Andy and I discussed the project until the drinks arrived. The waiter made Andy's drink and opened the bottle of chilled white wine. After the waiter left, I decided to bring our discussion around to the subject in Andy's mind.
"I'm curious. Liz is older than you by a couple of years. Sandy's two years older than Josh. Do you think sibling incest works better if the female is slightly older than the male?"
"Maybe." He huffed a laugh. "Statistics are virtually nonexistent regarding successful incestuous relationships. Sexologists and therapists delve into the dark side of the subject and blithely ignore the bright side."
"Why is that, do you think?"
"Because it's a morality issue. Incest is wrong. Everybody says so, including the law, so successful incestuous relationships shouldn't exist. To compile statistics for something that shouldn't exist would fly in the face of our culture's current state of morality."
"You said you and Liz have loved each other for years. How many?"
"From my side since my early adolescence. Liz was the object of my first schoolboy crush. I loved the look of her..."
"You share many features. That you are siblings is obvious. Because you look so much alike, have you ever confused self-love with your love for her."
"Not really. We share genes, but Liz is very feminine. I'm..."
"All man," I said with a grin as I interrupted him.

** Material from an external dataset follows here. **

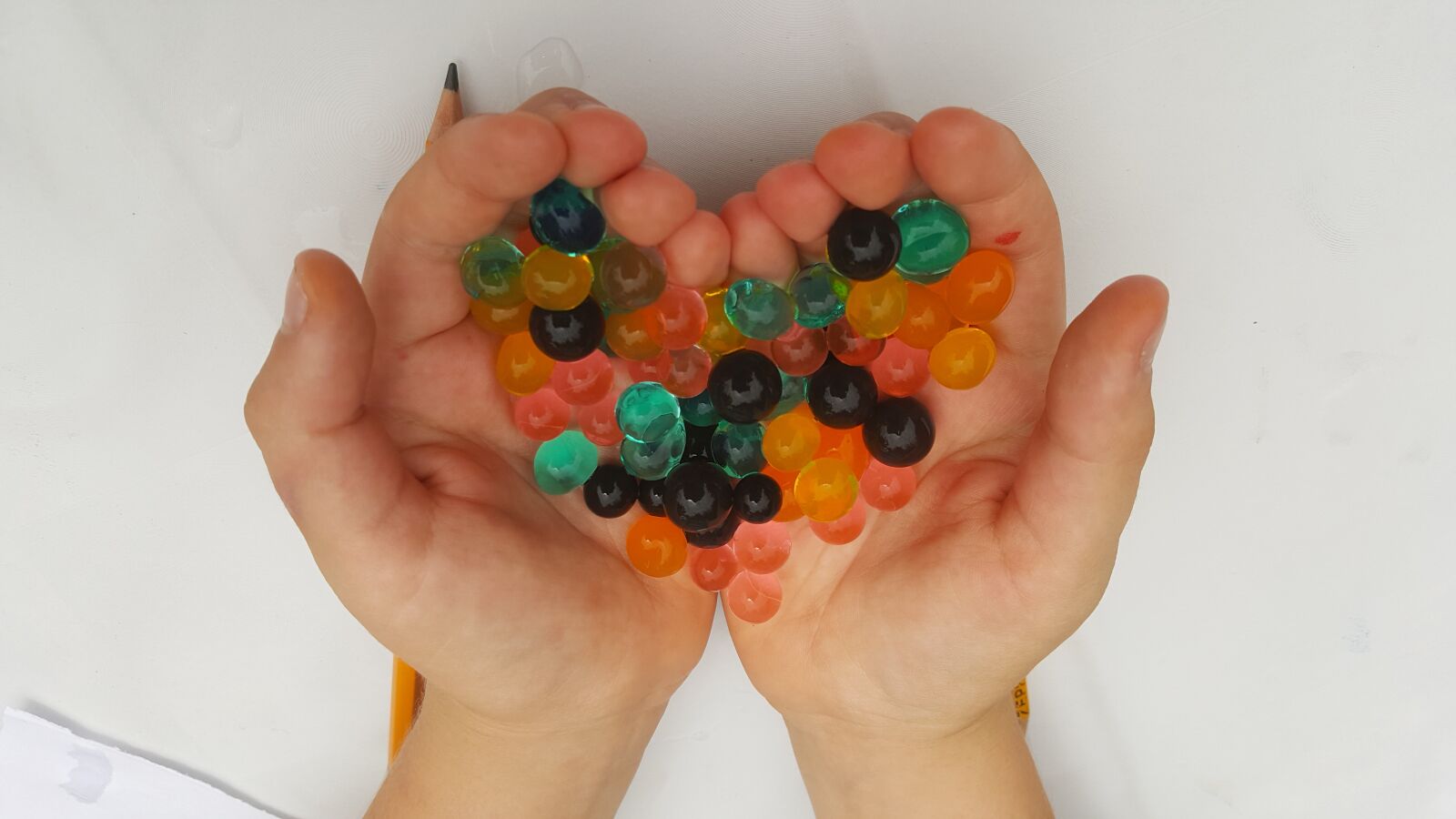 Samsung Galaxy S6 sample photo. Waterbeads, colors, watergel photography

I slipped a couple of buttons loose on my blouse. Andy noticed.
He smiled. "Thanks."
"When did Liz fall in love with you?"
"I asked her the same question recently. She's wasn't sure, said there was no one moment, no sudden revelation." He grunted a laugh. "For Liz, our relationship was about sex at first, not love. She was my sexual mentor, although I found out later that, for the most part, she learned along with me, stayed just ahead of me like a teacher assigned to teach a subject out of her area of expertise. When she noticed how committed I was to her, she cut me off, told me we couldn't have sex with each other until I'd had sex with another girl." He grinned wickedly. "I lied. I told her I'd had sex with a girl named Gloria. Supposedly, Gloria was easy, round heels, etcetera. I asked her out; she accepted, and we talked. No sex, just talk. I didn't even kiss her. My ploy worked. Liz fucked me half to death. She'd missed the sex as much as I. Then Liz and I talked, really talked for the first time. We talked about love and sex and incest and how we were with each other, and that night was a turning point for both of us."
My hand caressed my chest above my breasts, which made the open blouse gape wider.
"In what way?" I asked.
"We believed we'd solved the problem. Because we were brother and sister, we couldn't be a couple, but we were lovers, and we wanted to remain lovers, so we agreed that we'd date and have sex with others."
"A reasonable solution that didn't work from what you said."